运行StockAnalysisTopology中的main方法,可以看到成功运行:
运行到一定数量数据后会报一个下面错误:
但是程序没有停止,还在运行,数据却不在读取了,如果输出sleep函数又会因为某些原因导致进程被杀死,该问题还没有解决。
三.连接storm集群
下面进行远程连接storm,先将项目打包成jar包,实际只要有spout和bolt俩个类即可。(直接打包就行)

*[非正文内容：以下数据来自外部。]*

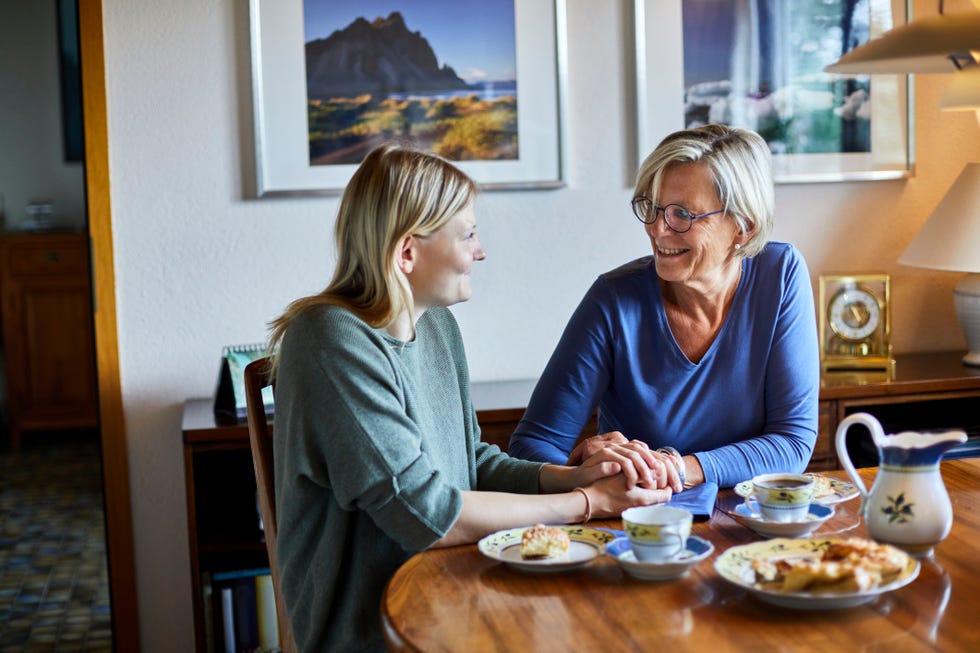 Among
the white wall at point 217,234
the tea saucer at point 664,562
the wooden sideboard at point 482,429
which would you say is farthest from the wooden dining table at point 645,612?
the white wall at point 217,234

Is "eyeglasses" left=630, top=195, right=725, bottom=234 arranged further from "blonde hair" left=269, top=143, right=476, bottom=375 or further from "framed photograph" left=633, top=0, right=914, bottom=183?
"framed photograph" left=633, top=0, right=914, bottom=183

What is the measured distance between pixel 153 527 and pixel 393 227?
1589 mm

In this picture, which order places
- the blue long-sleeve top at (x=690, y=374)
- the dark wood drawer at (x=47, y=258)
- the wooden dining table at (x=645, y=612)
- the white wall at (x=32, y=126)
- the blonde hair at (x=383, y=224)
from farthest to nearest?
1. the white wall at (x=32, y=126)
2. the dark wood drawer at (x=47, y=258)
3. the blue long-sleeve top at (x=690, y=374)
4. the blonde hair at (x=383, y=224)
5. the wooden dining table at (x=645, y=612)

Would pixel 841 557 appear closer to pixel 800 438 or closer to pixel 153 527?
pixel 800 438

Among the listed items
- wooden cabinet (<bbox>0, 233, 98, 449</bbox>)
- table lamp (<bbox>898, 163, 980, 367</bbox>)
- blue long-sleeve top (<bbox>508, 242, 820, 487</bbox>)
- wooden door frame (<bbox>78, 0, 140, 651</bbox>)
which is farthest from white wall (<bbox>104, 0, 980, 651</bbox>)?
wooden cabinet (<bbox>0, 233, 98, 449</bbox>)

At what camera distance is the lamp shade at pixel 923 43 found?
139cm

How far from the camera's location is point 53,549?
13.4 ft

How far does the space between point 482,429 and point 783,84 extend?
1348 millimetres

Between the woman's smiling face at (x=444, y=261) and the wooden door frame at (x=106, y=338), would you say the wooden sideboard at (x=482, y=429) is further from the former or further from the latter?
the woman's smiling face at (x=444, y=261)

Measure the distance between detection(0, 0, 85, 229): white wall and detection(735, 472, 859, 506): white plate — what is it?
4969 millimetres

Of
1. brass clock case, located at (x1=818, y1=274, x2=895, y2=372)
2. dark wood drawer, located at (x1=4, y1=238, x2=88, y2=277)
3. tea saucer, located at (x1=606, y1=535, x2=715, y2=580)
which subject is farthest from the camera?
dark wood drawer, located at (x1=4, y1=238, x2=88, y2=277)

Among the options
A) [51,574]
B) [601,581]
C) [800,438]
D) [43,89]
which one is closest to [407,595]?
[601,581]

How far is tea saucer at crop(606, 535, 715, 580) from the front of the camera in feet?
4.42

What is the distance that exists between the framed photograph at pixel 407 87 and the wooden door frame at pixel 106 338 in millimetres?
378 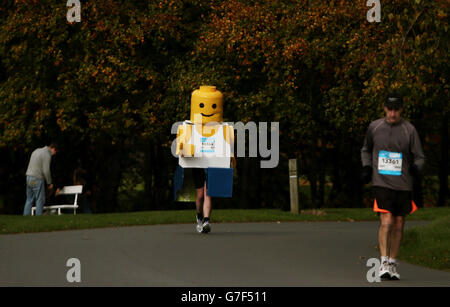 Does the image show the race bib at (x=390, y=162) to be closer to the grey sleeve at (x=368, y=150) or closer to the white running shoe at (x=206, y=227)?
the grey sleeve at (x=368, y=150)

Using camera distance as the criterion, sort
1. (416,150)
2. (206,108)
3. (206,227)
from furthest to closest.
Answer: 1. (206,108)
2. (206,227)
3. (416,150)

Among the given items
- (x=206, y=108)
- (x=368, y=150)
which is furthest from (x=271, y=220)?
(x=368, y=150)

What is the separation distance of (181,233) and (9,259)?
4816mm

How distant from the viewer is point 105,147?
105 feet

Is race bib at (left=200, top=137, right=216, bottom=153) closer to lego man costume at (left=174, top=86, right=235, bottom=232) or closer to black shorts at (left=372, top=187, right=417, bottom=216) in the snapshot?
lego man costume at (left=174, top=86, right=235, bottom=232)

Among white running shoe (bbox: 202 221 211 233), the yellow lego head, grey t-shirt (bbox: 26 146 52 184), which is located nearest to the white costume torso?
the yellow lego head

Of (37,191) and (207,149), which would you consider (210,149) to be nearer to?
(207,149)

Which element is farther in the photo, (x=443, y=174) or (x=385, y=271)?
(x=443, y=174)

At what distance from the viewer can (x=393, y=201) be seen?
34.6 feet

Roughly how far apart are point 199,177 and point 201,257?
4.19 meters

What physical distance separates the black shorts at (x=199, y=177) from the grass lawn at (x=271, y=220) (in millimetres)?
3070

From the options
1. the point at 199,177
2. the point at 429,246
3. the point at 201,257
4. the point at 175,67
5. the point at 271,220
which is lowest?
the point at 201,257

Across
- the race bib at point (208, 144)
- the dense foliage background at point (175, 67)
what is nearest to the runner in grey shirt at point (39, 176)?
the dense foliage background at point (175, 67)

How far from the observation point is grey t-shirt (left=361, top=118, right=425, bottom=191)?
413 inches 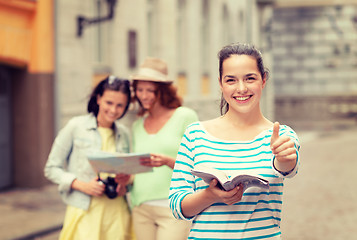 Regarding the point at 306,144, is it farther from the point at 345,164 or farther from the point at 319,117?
the point at 319,117

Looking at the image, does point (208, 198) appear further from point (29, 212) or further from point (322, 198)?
point (322, 198)

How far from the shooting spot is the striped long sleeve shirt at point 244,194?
241cm

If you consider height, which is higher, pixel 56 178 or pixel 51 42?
pixel 51 42

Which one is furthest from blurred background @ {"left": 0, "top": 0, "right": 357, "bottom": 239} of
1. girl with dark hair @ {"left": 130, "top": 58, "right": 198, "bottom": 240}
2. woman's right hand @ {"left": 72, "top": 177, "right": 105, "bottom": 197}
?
woman's right hand @ {"left": 72, "top": 177, "right": 105, "bottom": 197}

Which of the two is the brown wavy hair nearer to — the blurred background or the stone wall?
the blurred background

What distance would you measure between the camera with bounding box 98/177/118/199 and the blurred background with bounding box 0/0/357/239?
46.4 inches

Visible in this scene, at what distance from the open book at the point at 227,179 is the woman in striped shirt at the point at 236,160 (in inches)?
2.2

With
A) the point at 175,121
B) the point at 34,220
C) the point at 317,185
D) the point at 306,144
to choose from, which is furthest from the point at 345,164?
the point at 175,121

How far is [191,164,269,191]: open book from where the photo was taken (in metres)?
2.23

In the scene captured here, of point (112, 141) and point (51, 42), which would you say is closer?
point (112, 141)

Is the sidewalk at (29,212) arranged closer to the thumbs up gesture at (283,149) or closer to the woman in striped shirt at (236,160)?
the woman in striped shirt at (236,160)

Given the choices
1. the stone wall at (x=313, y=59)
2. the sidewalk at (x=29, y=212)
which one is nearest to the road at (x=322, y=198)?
the sidewalk at (x=29, y=212)

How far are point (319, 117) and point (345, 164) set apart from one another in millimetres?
16898

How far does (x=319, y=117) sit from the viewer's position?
3139 centimetres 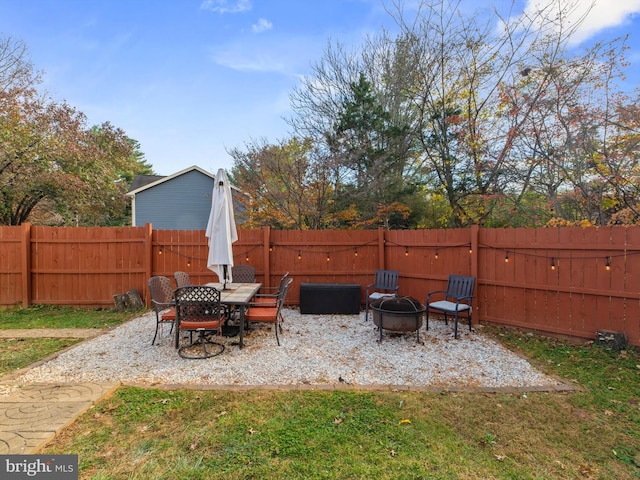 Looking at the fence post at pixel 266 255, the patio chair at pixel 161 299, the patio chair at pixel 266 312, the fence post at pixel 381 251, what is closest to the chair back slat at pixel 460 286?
the fence post at pixel 381 251

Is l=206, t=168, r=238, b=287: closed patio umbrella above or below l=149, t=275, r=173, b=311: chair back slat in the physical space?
above

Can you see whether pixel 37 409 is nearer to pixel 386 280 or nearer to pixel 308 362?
pixel 308 362

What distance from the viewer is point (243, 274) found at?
6.35 meters

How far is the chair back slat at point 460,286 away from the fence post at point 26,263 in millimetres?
8752

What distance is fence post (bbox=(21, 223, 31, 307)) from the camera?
6.50 metres

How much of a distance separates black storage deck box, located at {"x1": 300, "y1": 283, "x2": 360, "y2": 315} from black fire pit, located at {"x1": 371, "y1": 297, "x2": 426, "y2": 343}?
1.51 metres

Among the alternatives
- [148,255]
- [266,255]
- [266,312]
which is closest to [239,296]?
[266,312]

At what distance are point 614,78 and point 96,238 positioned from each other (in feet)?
36.5

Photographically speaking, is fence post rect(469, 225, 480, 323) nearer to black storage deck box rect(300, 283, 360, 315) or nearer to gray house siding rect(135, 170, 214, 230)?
black storage deck box rect(300, 283, 360, 315)

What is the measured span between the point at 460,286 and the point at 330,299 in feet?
8.16

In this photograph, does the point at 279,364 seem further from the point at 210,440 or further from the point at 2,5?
the point at 2,5

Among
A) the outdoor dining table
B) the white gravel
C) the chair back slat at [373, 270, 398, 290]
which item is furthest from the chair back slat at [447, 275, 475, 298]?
the outdoor dining table

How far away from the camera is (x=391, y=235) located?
6766mm

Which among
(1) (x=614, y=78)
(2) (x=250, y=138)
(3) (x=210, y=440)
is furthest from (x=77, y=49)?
(1) (x=614, y=78) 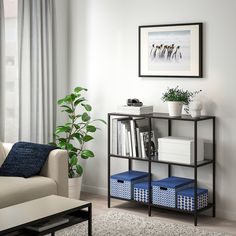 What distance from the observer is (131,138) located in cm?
509

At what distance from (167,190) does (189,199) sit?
0.23 meters

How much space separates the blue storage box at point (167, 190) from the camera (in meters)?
4.79

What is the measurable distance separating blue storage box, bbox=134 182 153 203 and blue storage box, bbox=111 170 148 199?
0.20 feet

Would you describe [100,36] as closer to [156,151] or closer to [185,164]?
[156,151]

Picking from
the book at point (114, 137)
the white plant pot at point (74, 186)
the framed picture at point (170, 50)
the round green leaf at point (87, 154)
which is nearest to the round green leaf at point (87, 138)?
the round green leaf at point (87, 154)

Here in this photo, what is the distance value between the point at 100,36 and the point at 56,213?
2.63m

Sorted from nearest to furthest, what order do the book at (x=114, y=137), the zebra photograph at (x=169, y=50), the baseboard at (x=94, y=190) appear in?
1. the zebra photograph at (x=169, y=50)
2. the book at (x=114, y=137)
3. the baseboard at (x=94, y=190)

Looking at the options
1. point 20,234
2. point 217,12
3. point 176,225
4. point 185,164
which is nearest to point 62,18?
point 217,12

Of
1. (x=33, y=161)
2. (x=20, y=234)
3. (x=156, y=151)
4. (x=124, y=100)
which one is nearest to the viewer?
(x=20, y=234)

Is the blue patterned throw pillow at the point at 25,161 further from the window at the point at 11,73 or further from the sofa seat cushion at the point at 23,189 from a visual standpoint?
the window at the point at 11,73

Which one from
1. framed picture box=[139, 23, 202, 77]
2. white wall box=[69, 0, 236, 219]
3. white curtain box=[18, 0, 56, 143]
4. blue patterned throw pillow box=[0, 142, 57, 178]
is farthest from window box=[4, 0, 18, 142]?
framed picture box=[139, 23, 202, 77]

之后修改StockAnalysisTopology代码,如下所示,看情况修改。
import org.apache.storm.Config;
import org.apache.storm.LocalCluster;
import org.apache.storm.StormSubmitter;
import org.apache.storm.shade.com.google.common.collect.ImmutableList;
import org.apache.storm.topology.TopologyBuilder;
import org.apache.storm.utils.Utils;
public class StockAnalysisTopology {
public static void main(String[] args) {
String nimbusHost = "127.0.0.1"; // 修改为你的 Nimbus 服务器主机名或 IP 地址
String zookeeperHost = "127.0.0.1"; // 修改为你的 ZooKeeper 服务器主机名或 IP 地址
try {
TopologyBuilder builder = new TopologyBuilder();
builder.setSpout("csv-reader-spout", new CSVReaderSpout());
builder.setBolt("stock-statistics-bolt", new StockStatisticsBolt()).shuffleGrouping("csv-reader-spout");
Config config = new Config();
config.setDebug(true);
// 设置 Nimbus 主机和 ZooKeeper 服务器
config.put(Config.NIMBUS_SEEDS, ImmutableList.of(nimbusHost));
config.put(Config.STORM_ZOOKEEPER_SERVERS, ImmutableList.of(zookeeperHost));
// 设置拓扑的总任务数(worker 数量),这里设置为 3
//config.setNumWorkers(3);
System.setProperty("storm.jar","D:\\Idea\\java项目\\xxx\\target\\xxx-1.0-SNAPSHOT.jar");//修改为自己的jar包地址
StormSubmitter.submitTopology("remote-topology", config, builder.createTopology());
} catch (Exception e) {
e.printStackTrace();
}
}
}
然后运行上面代码即可。
注意:在运行上面代码前需要把zookeeper的ip和storm的ip添加到hosts文件里面,如下图:
文件地址在C:\Windows\System32\drivers\etc\hosts.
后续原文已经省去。